# Vegan Vs. Non-Vegan



## Astroboy (Nov 26, 2007)

Meat lovers are fools if they live to eat.
The Christian Argument for Vegetarianism
Vegetarianism - Why Hindus Don't Eat Meat


----------



## Randip Singh (Nov 26, 2007)

begum said:


> Meat lovers are fools if they live to eat.
> The Christian Argument for Vegetarianism
> Vegetarianism - Why Hindus Don't Eat Meat


 
The same could be said of a vegetarian, a vegan etc etc..........

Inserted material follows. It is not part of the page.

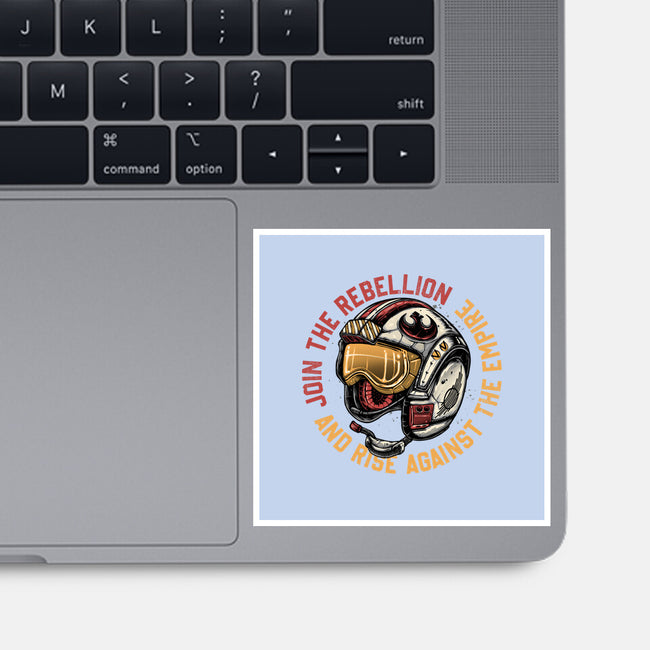 And Rise Against The Empire-None-Glossy-Sticker-momma_gorilla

_*Page 1289 Sri Guru Granth Sahib Ji*_

_mehlaa 1. _
_First Mehl: _

_maas maas kar moorakh jhagrhay gi-aan Dhi-aan nahee jaanai. _
_The fools argue about flesh and meat, but they know nothing about meditation and spiritual wisdom. _

_ka-un maas ka-un saag kahaavai kis meh paap samaanay. _
_What is called meat, and what is called green vegetables? What leads to sin? _

_gaiNdaa maar hom jag kee-ay dayviti-aa kee baanay. _
_It was the habit of the gods to kill the rhinoceros, and make a feast of the burnt offering. _

_maas chhod bais nak pakrheh raatee maanas khaanay. _
_Those who renounce meat, and hold their noses when sitting near it, devour men at night. _

_farh kar lokaaN no dikhlaavahi gi-aan Dhi-aan nahee soojhai. _
_They practice hypocrisy, and make a show before other people, but they do not understand anything about meditation or spiritual wisdom. _

_naanak anDhay si-o ki-aa kahee-ai kahai na kahi-aa boojhai. _
_O Nanak, what can be said to the blind people? They cannot answer, or even understand what is said. _

_anDhaa so-ay je anDh kamaavai tis ridai se lochan naahee. _
_They alone are blind, who act blindly. They have no eyes in their hearts. _

_maat pitaa kee rakat nipannay machhee maas na khaaNhee. _
_They are produced from the blood of their mothers and fathers, but they do not eat fish or meat._

It is obsession we should be guarding against, whether it is for cheese , kheer, Halwa, Channay, chicken drumsticks or a king sized tub of pop corn from the cinema. Excess comes in all forms and guises and is not confined to the meat eater. Infact one could argue that the meat eater is easily sated wheras a vegetarian may still be left wanting...........I  think _"Meat lovers are fools if they live to eat"_ is a statement making an assumption that people who eat meat dream of it all the time and do not consider any other food.


----------



## drkhalsa (Nov 26, 2007)

I am really astonished to see the topic?!

why again this ?


----------



## Astroboy (Nov 26, 2007)

New semester opens today.

Here's a chance for new members to have their say.


----------